Have goddess on your wings is a song that establishes expectations, that knows how to refuse your desire that it be something different, and that then follows through on them. It's a great single song. And it's on a really fucking cool record.
*****
My friend Toxxi made a bunch of music over a stretch of time. Listen to it.
*****
I feel like I've been waiting to hear anything out of Tachyon Ghetto Blaster for like two years, even though it probably hasn't been that long. I can't even remember where I first heard about it; in all likelihood it was off of Kaigen's facebook. I also can't quite remember how I linked up with Kaigen in the first place; he came through the states a couple years back and I saw him live, and I ended up writing some bio stuff for him around the release of his last album, and we've been sort of in touch since. I still dig the fuck out of Re: bloomer, and was hella excited when the TGB stuff came out for Fake Four Freecember.

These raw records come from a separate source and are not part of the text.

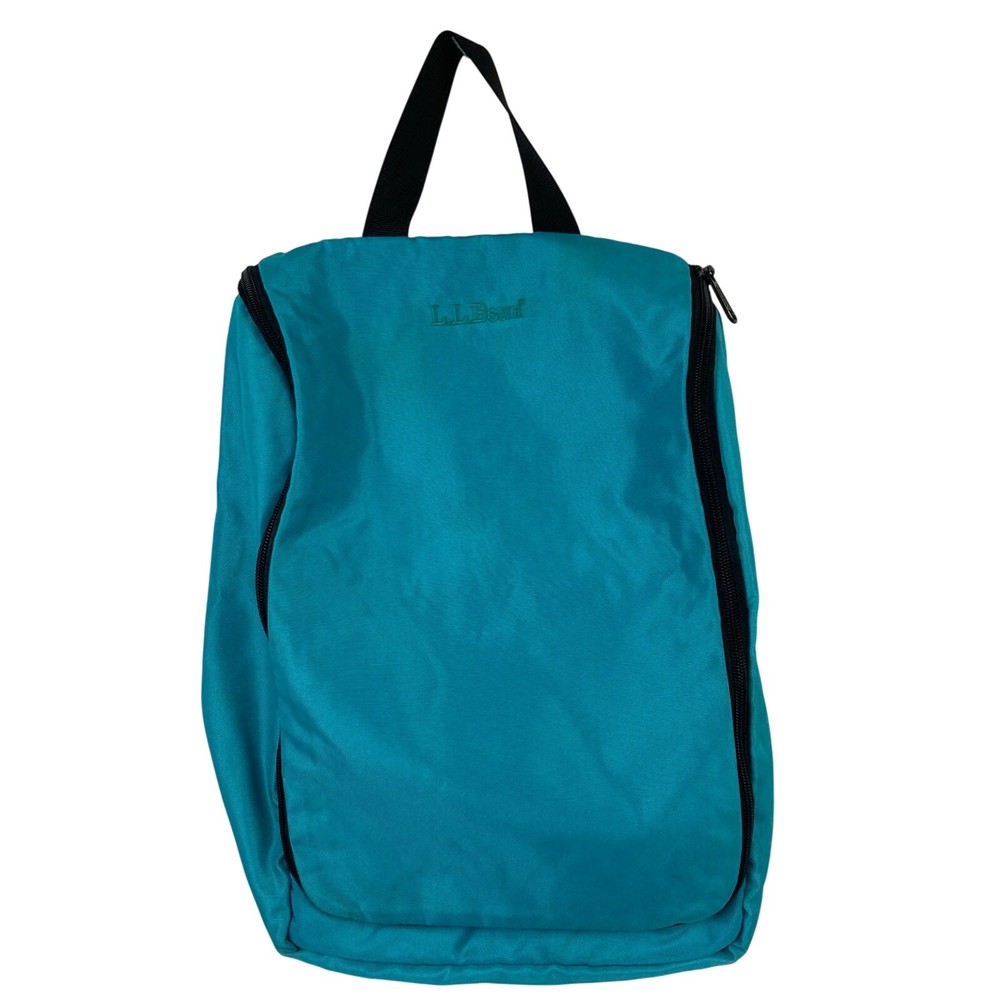 LL Bean Personal Organizer Hanging Toiletry Bag Teal Blue Nylon Travel Camp Logo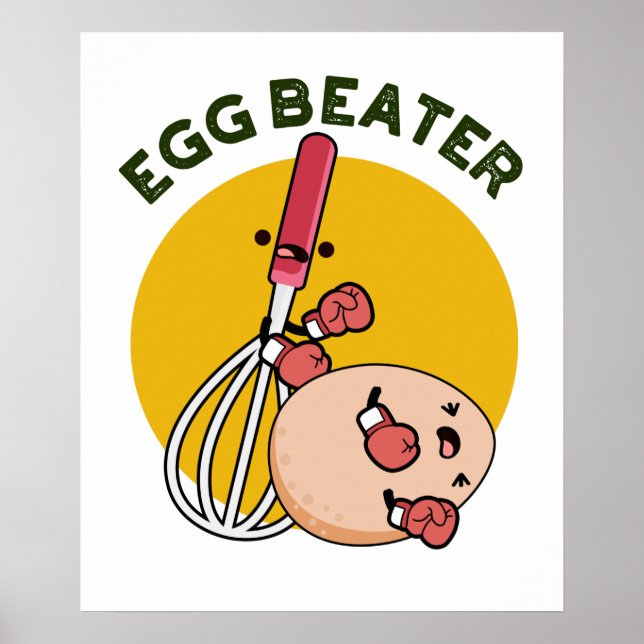 Poster Jeu de boxe amusant de beatère d'oeufs (Devant)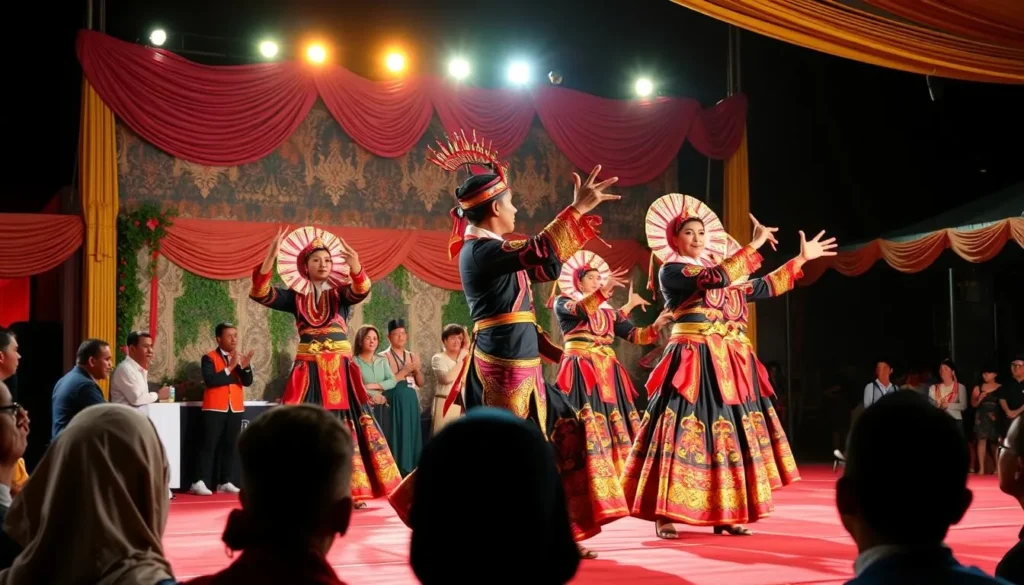 Traditional Acehnese dance performance during a cultural festival in Lhokseumawe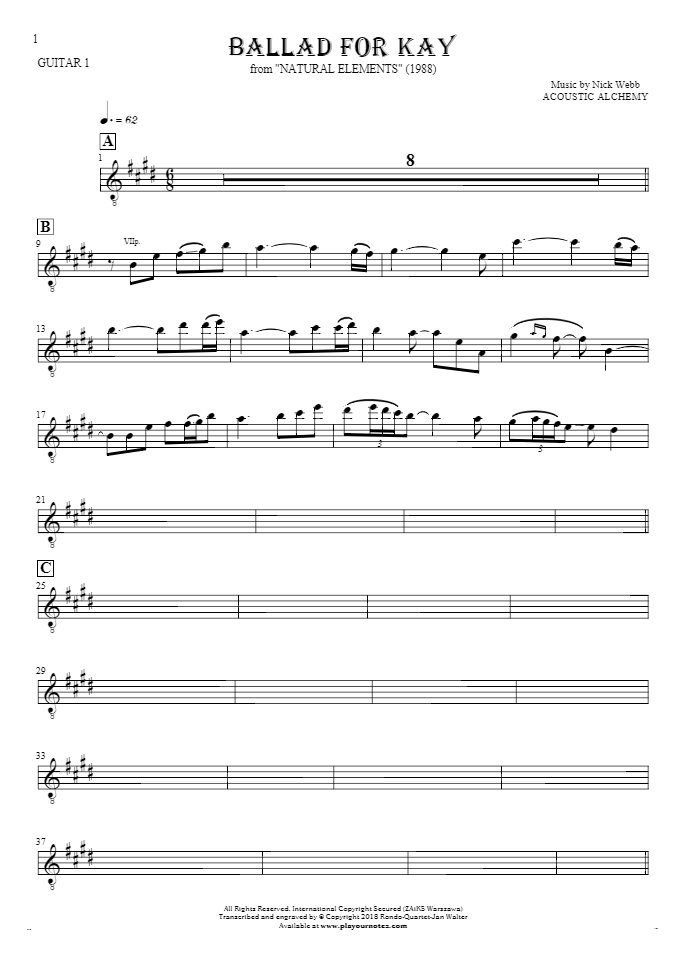 Ballad For Kay - Notes for guitar - guitar 1 part
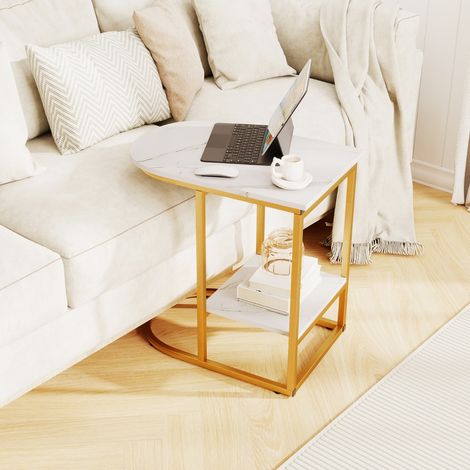 Table d'Appoint en Forme de C Table de Canapé Moderne avec Plateau en Faux Marbre et étagère de Rangement avec Cadre en Métal Blanc (1/3)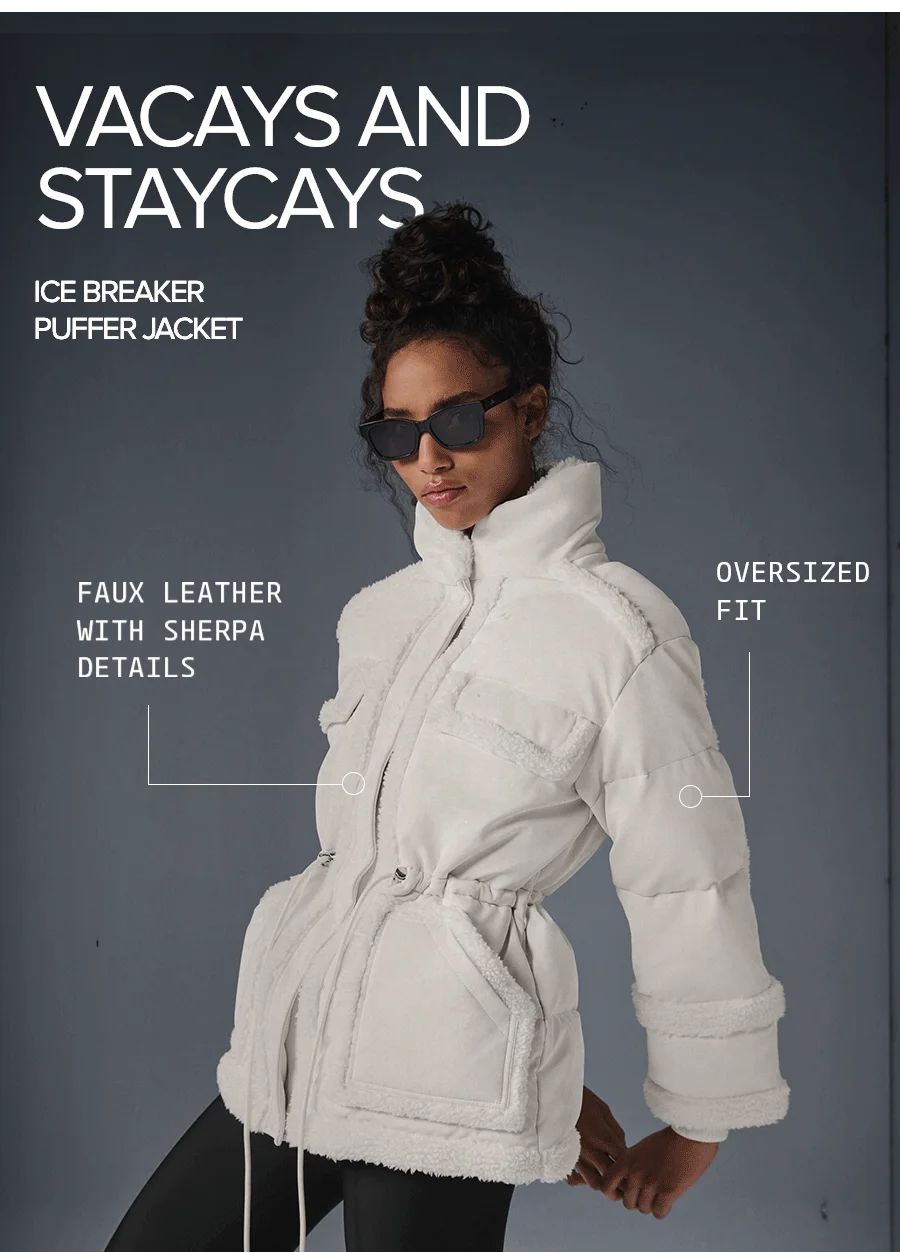 VACYAS AND STAYCAYS. Ice Breaker Puffer Jacket. Faux Leather With Sherpa Details. Oversized Fit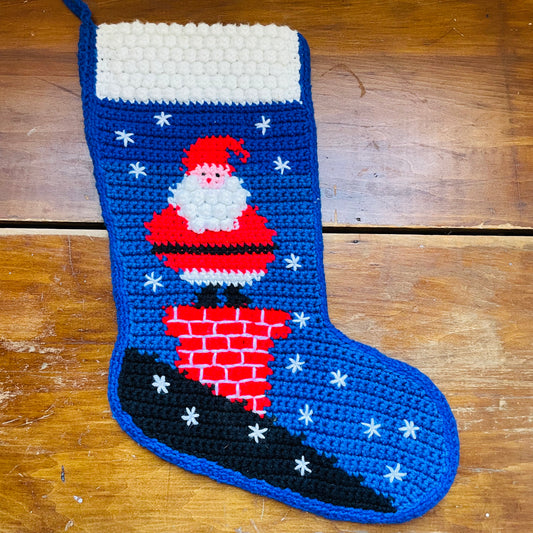 Crochet Santa on Chimney Stocking- Vintage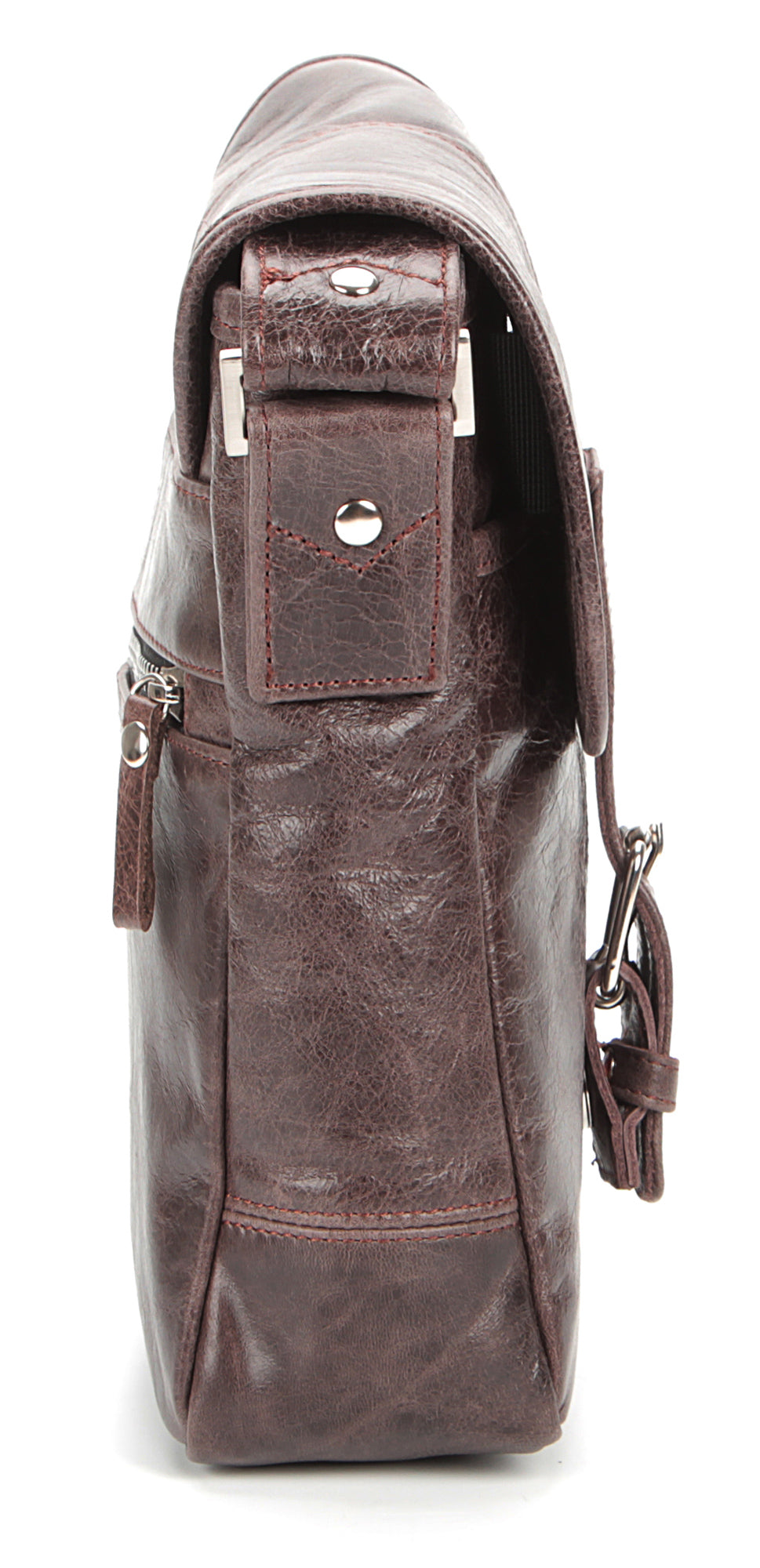 Leather Bag SHVIGEL Model 00855 Brown Genuine Leather Made in Ukraine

Kaigen's still Kaigen, and I love the hell out of him for it. He picks skittery, melodic beats with a hard foundation and walks confidently over them. Listening to him rap is kind of like watching someone knit; the words are grabbed, positioned, and woven over and around each other. The insistent taks are there, are productions of, but lose causality sometimes, seem divorced until you refocus. I mean this all, no matter how strained and (perhaps) unlikely, in the best possible way.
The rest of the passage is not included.